- يا حلاوة الحب
- Directed by: Hussein Fawzi
- Starring: Mohamed Fawzi; Naima Akef; Suleiman Naguib; Lola Sedki; Zeinat Sedki; Fouad Shafiq; Widad Hamdi; Mohamed Tawfik; Abdel Hamid Badawi;
- Release date: October 29, 1952;
- Country: Egypt
- Language: Arabic

= The Sweetness of Love =

The Sweetness of Love (يا حلاوة الحب, transliterated as Ya Halawaat al-Hob) is an Egyptian film released in 1952. The film is based on the Franco-German film, A Night in Paradise, released in 1932 in German and the following year as Une nuit au paradis in French.

==Synopsis==
Shukria (Lola Sedki) is a spoiled girl whose father Fouad Shafiq) fulfills her every command. She wants to marry the singer Nabil (Mohamed Fawzi) to inherit the fortune of his uncle (Suleiman Naguib).

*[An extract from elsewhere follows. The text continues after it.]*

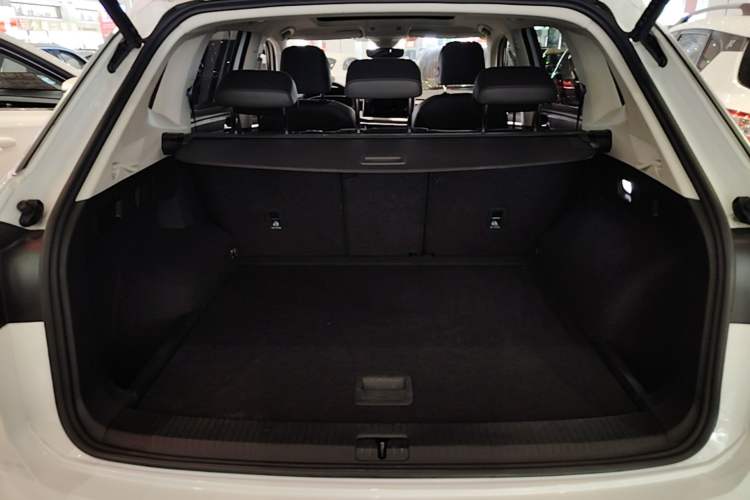 Used Volkswagen Tayron 2023 300TSI Two-Wheel-Drive Luxury Plus Advanced Edition Trunk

Shukria's father invites Nabil to a party to help her charm him. A clothing store attendant (Naima Akef) arrives and loves to sing and dance. Nabil and his uncle both fall in love with her at first sight.

==Songs==
The songs in the film include lyrics by Abo El Seoud El Ebiary, Mamoun el-Shenawy, Mustafa al-Sayed, and Fathi Qura.